Work request
Below is some data. Retype exactly the lines starting at the one with "Bombas Shoes Nib" and ending at the one with "Nohonani condo #".

Supplied data below:

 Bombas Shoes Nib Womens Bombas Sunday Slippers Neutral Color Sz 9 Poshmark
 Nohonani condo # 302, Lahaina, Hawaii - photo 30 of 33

End of Supplied data.
Supplied data below:

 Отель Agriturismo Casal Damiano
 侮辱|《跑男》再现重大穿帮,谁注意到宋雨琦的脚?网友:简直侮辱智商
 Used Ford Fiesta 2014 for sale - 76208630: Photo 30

End of Supplied data.
Supplied data below:

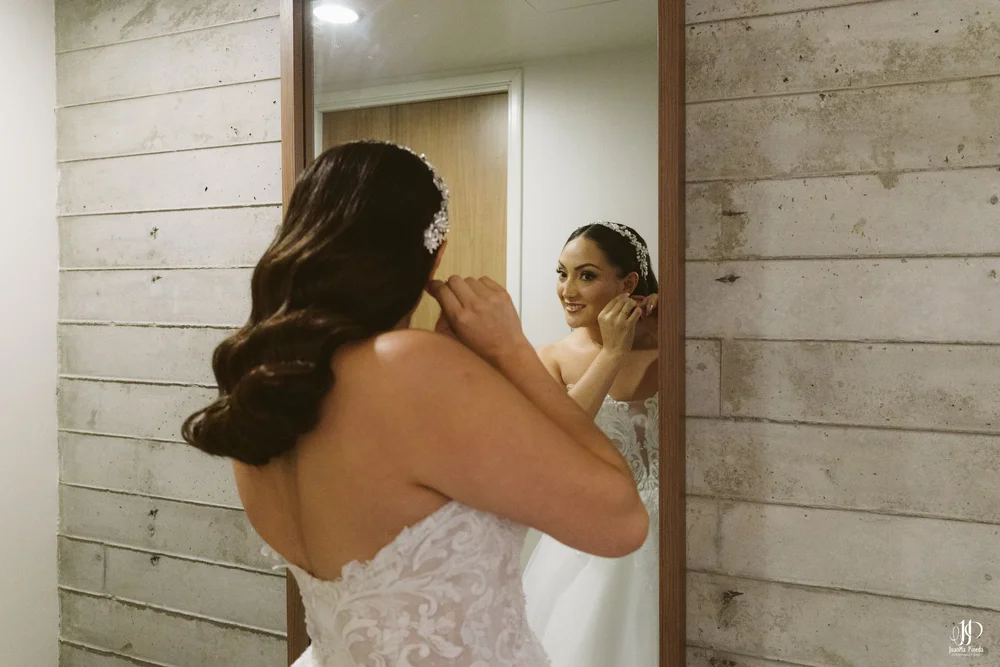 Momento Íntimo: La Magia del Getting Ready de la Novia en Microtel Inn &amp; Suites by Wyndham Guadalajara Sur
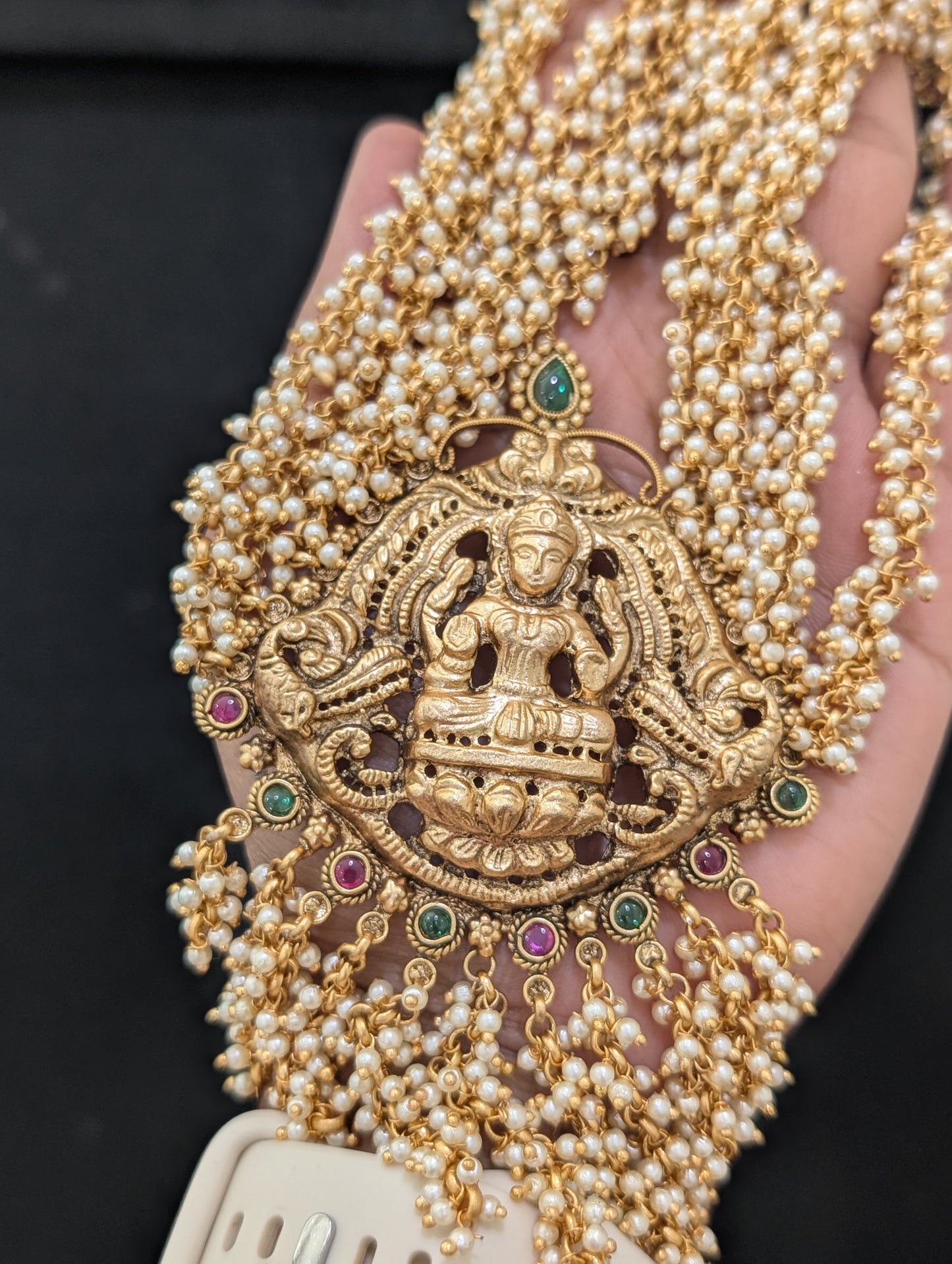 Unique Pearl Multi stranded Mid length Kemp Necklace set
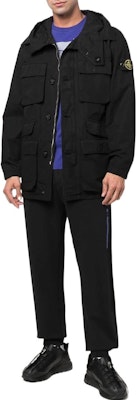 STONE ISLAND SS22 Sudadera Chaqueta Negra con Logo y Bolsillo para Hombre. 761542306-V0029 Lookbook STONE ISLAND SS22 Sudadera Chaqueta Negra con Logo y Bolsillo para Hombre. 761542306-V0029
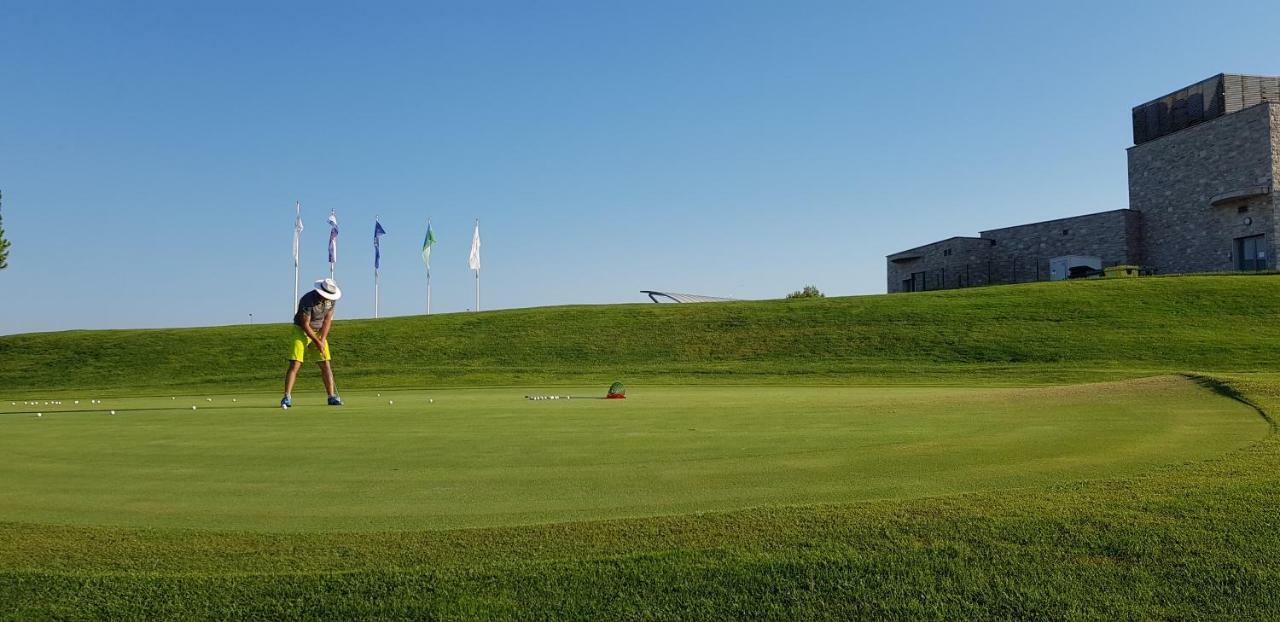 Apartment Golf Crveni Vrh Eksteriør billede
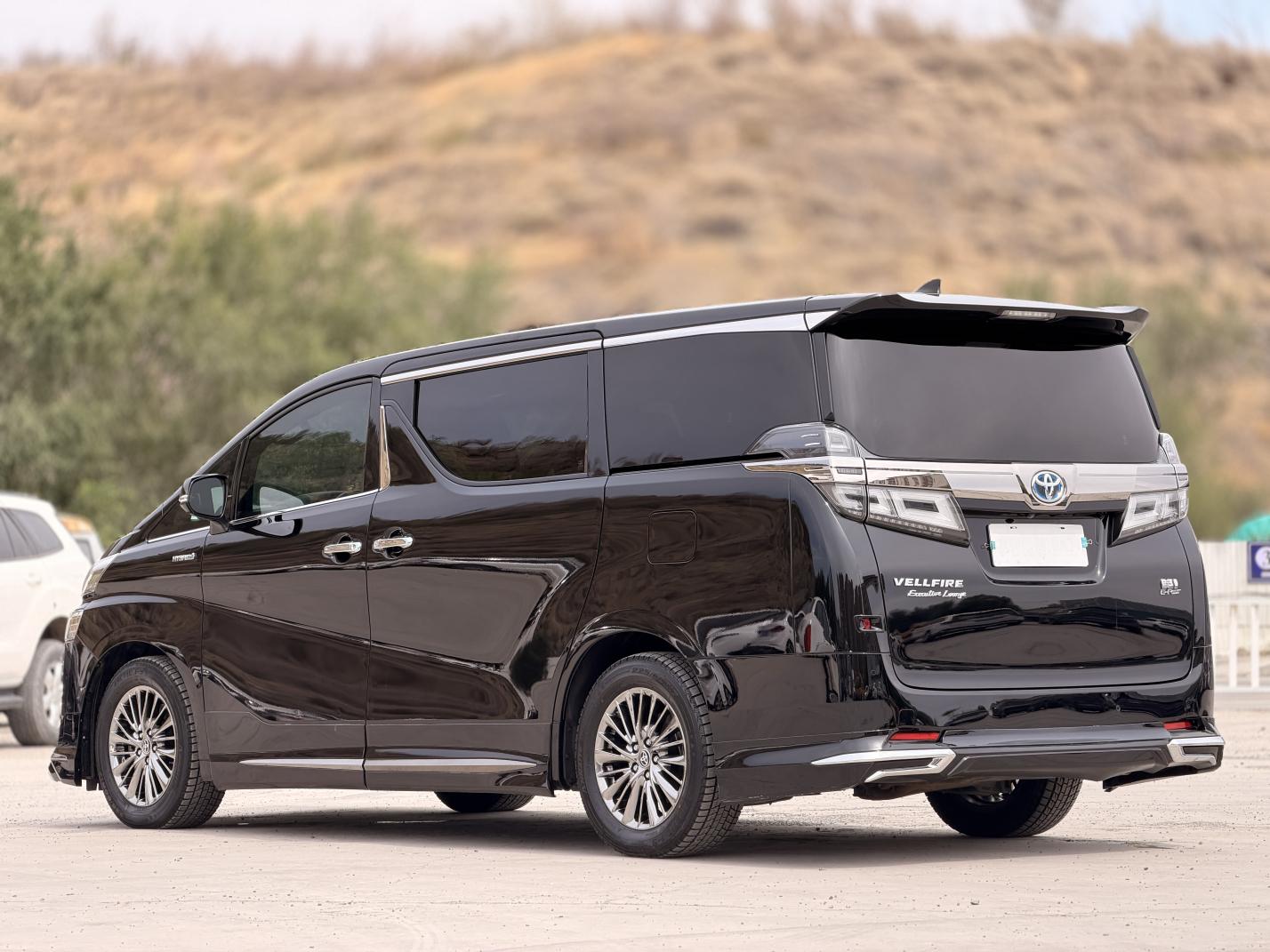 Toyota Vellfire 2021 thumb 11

End of Supplied data.

Task result
 Bombas Shoes Nib Womens Bombas Sunday Slippers Neutral Color Sz 9 Poshmark
 Nohonani condo # 302, Lahaina, Hawaii - photo 30 of 33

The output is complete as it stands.